Los venezolanos hemos dado todo, hasta la vida, por el camino para recuperar la libertad. Pero este es un hecho de dimensiones incalculables. Necesitamos la atención de la comunidad internacional y de los hermanos latinoamericanos para dar una respuesta específica a un momento inédito de nuestra historia. Las herramientas democráticas del sistema interamericano están ahí y pueden usarse para frenar esta situación, que ya se está convirtiendo en un problema mundial.

Queremos que la paz y la prosperidad regresen a Venezuela. Pero para eso es necesario recuperar el Estado de derecho y la democracia. Esta tragedia va más allá de las conveniencias políticas y diplomáticas, también de las buenas intenciones que llenan los discursos. Necesitamos acciones contundentes, en las que se les otorgue a los refugiados venezolanos la atención adecuada de acuerdo con los protocolos vigentes. Pedimos a los gobiernos de la región tomar cartas en el asunto con los brotes de xenofobia, igualmente a los medios de comunicación, que son fundamentales en la tarea de enseñanza, tolerancia y respeto.

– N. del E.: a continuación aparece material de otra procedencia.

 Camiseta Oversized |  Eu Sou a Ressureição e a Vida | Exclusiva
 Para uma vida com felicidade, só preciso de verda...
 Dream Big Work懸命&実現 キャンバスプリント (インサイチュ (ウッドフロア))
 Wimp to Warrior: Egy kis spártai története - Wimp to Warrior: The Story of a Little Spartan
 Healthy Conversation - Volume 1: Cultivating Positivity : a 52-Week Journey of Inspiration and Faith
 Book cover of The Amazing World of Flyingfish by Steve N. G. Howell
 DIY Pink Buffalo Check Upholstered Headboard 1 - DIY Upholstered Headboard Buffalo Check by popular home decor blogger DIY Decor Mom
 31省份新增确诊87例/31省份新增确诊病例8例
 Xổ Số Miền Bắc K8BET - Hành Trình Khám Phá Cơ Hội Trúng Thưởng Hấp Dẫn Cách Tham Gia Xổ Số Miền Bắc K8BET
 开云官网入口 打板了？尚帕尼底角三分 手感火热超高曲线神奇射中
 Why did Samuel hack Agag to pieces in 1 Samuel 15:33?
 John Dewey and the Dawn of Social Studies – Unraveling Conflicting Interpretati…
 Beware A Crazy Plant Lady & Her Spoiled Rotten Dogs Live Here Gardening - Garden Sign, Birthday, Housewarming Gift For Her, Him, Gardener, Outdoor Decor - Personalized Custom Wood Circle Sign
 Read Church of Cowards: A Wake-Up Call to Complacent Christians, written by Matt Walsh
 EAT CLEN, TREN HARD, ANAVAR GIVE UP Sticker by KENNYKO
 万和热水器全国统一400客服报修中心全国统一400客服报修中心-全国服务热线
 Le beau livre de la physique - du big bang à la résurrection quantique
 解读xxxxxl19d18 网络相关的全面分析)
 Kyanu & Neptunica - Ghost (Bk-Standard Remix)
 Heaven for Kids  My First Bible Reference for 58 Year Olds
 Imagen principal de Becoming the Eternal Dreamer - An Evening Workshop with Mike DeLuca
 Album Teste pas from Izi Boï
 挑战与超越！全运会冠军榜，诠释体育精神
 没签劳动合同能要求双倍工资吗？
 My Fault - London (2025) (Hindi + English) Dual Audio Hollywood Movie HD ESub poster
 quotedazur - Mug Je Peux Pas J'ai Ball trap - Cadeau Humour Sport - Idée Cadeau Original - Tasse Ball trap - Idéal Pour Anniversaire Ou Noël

Siempre se ha hablado de la integración latinoamericana. Este es el momento de tomar decisiones en beneficio de ella. Porque nuestros refugiados no son solo números, sino vidas humanas, historias de desarraigo y de angustia. De familias separadas que todos los días piden volver a reencontrarse en el abrazo fraternal. De lamentos y esperanzas por lo que puede ser Venezuela y no lo es, solo porque un pequeño grupo hace todo lo necesario para que la vida en el país se convierta en algo tan insoportable como para que millones de compatriotas tengan que dejarlo todo y empezar de cero muy lejos. Así como Zonsiré, son miles los relatos, cada uno de ellos con su propio dolor, los que se develan para que se genere la unión y la solidaridad necesarias entre nuestros pueblos. Esta historia debe cambiar. Debemos cerrarle el paso y decirle “nunca más” a las violaciones sistemáticas de los derechos humanos en una región como América Latina, que nació precisamente para vivir en libertad.